18. yüzyılın ilk yıllarına kadar bağımsız bir devlet olan İskoçya krallığı, bu tarihten itibaren Büyük Britanya Krallığı’na bağlandı. İskoçya diğer krallık ülkelerine göre kendi kültürüne ve hukuk sistemine daha sıkı sıkıya bağlı bir ülke olmuştur. Bu nedenle İngilizlerle pek de alakası olmayan ayrı bir İskoç kültüründen bahsetmek mümkün.
Evet, İskoç erkekler etek giyer:
‘Kilt’ adını verdikleri etekler 16. yüzyıla ortaya çıktı. Aslında bu giysiler ilk zamanlar bütün vücutlarına sardıkları büyük bir battaniyeden ibaretti. Dağlık arazide yaşayan erkekler soğuktan korunmak için bu kalın kumaşları sararlardı. Bugünkü etekten daha uzundu, arazide hareket imkânı sağlıyordu, geceleri çıkarıp üstlerine örtebiliyorlardı. Dahası, etek renkleri klanları temsil ediyordu.
18. yüzyıla geldiğimizde bu büyük etekleri demir işlerken ve kömür üretirken kullanmanın zor olduğunu gördüler ve bugün bildiğimiz küçük eteklere geçildi. Günümüzde artık geleneksel İskoç kıyafetleri olarak özel günlerde giyilen kilt etekler, bir dönem savaşçı klanların giysisi olduğu için bir yasa ile yasaklanmıştı. 1746 yılında konulan yasa, 1782 yılında kaldırıldı.

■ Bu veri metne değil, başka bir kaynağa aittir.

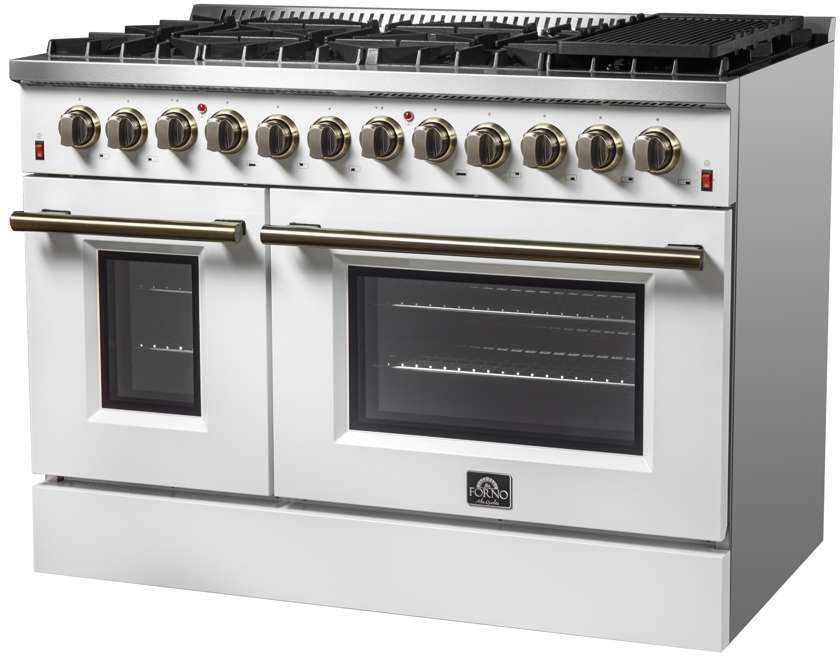 Forno Galiano Dual Fuel Range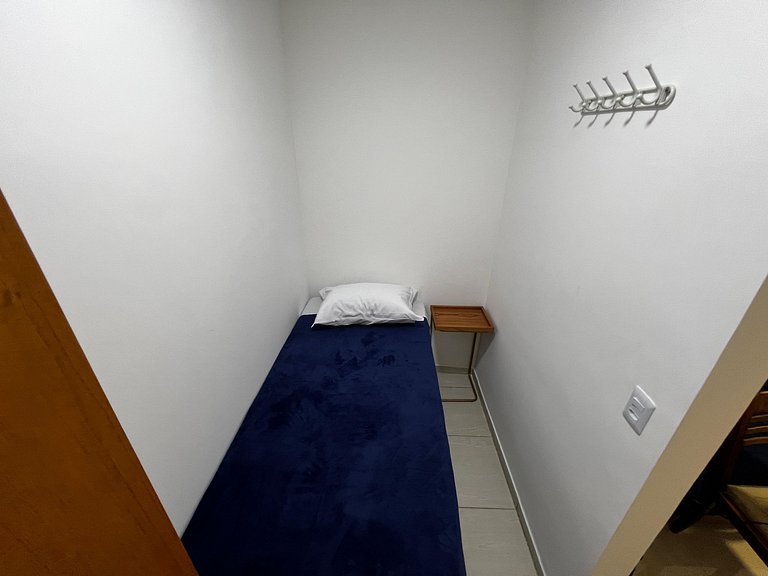 Flat completo para até 4 pessoas no Vidigal - RJ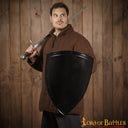 Middeleeuws ridder schild donker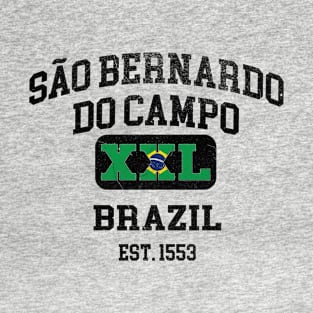 Sao Bernardo do Campo, Brazil - XXL Athletic design T-Shirt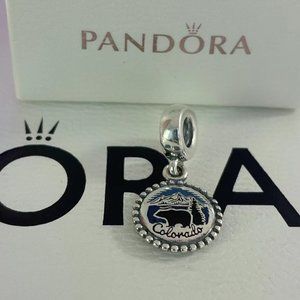 Pandora Colorado Exclusive Charm with Pandora Box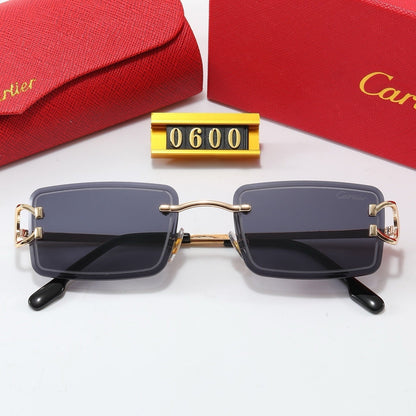 6-color fashion CAR letter sunglasses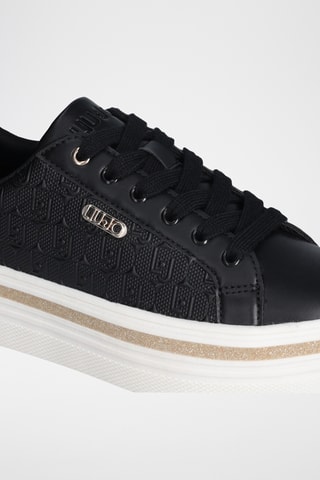 Platform Sneakers - Zwart
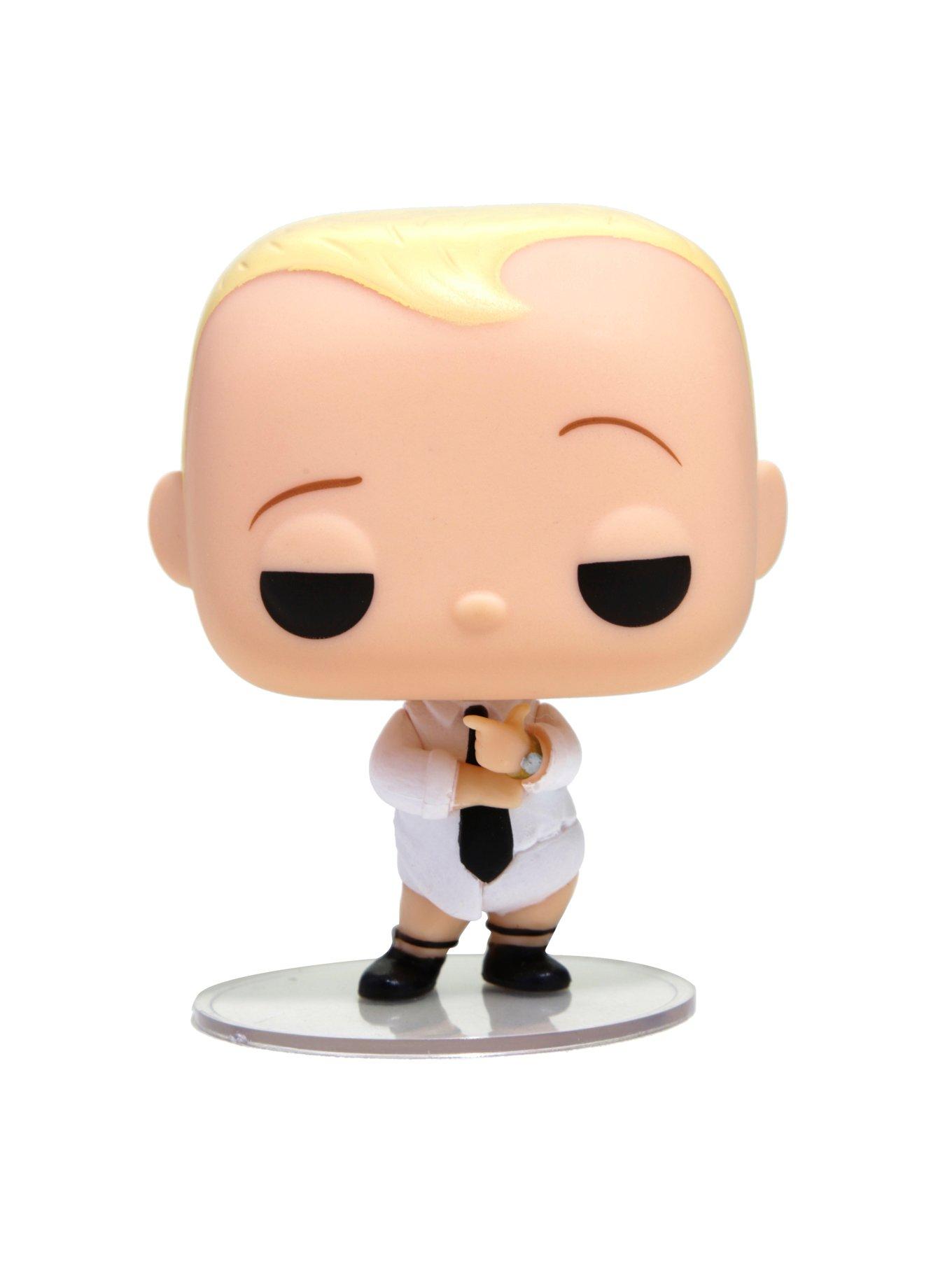 Funko Boss Baby Pop! Movies Boss Baby (Diaper & Tie) Vinyl Figure, , alternate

İskoçya’da bine yakın ada var:
Eğer İskoçya’da ”Ada sahillerinde bekliyorum’’ şarkısını söyleyecekseniz hangi ada olduğunu özellikle belirtmeniz gerekiyor çünkü ülkede tam 790 tane ada var. Tabii bunların bir kısmı küçük kayalıklar olduğu için yalnızca 240 tanesinde insan yerleşimi bulunuyor. Bu adalardan en meşhurları Lewis Adası, Harris Adası, Shetland Anakarası, Orkney Anakarası, Arran Adası ve Skye Adası. İnsan yerleşimi olmayan bazı adalara macera gezileri de düzenleniyor.
Ülke tam bir göller diyarı:
Zaten Atlas Okyanusu, Kuzey Denizi ve İrlanda Denizi ile çevrili olan İskoçya, bu tuzlu su zenginliğinin aynısını iç bölgelerde tatlı su bakımından da yaşıyor. Ülkenin neredeyse her yerinde bir göl var. İskoçya’nın 77 bin kilometrekareden fazla olan yüzölçümün 1500 kilometrekaresinden fazlasını tatlı su gölleri oluşturuyor. Bunlar arasında en ünlülerinden bir tanesi olan Loch Ness Gölü o kadar derin ve geniş bir göl ki korku kültürünün önemli bir parçası olan ‘Loch Ness Canavarı’ efsanesinin doğmasına neden olmuştur.
İskoçya’nın resmî hayvanı tek boynuzlu at:
Popüler kültürde genelde kız çocuklarının sevimli hayvanı olarak bilinir ama aslında Kelt mitolojisinde ‘unicorn’ yani tek boynuzlu at saflığı, masumiyeti, erkekliği ve gücü sembolize etmektedir. İskoçya kültüründe tek boynuzlu atlar büyük yer tuttuğu için ülkenin armasında resmî sembol olarak kullanılır. Mitoloji hikâyelerinde asla evcilleştirilemeyen vahşi bir at olarak anlatılan tek boynuzlu atlar, İskoç armalarında boynu zincirli olarak resmedilir. Bunun anlamı, İskoç krallarının en vahşi atları bile evcilleştirecek kadar güçlü olmalarıdır.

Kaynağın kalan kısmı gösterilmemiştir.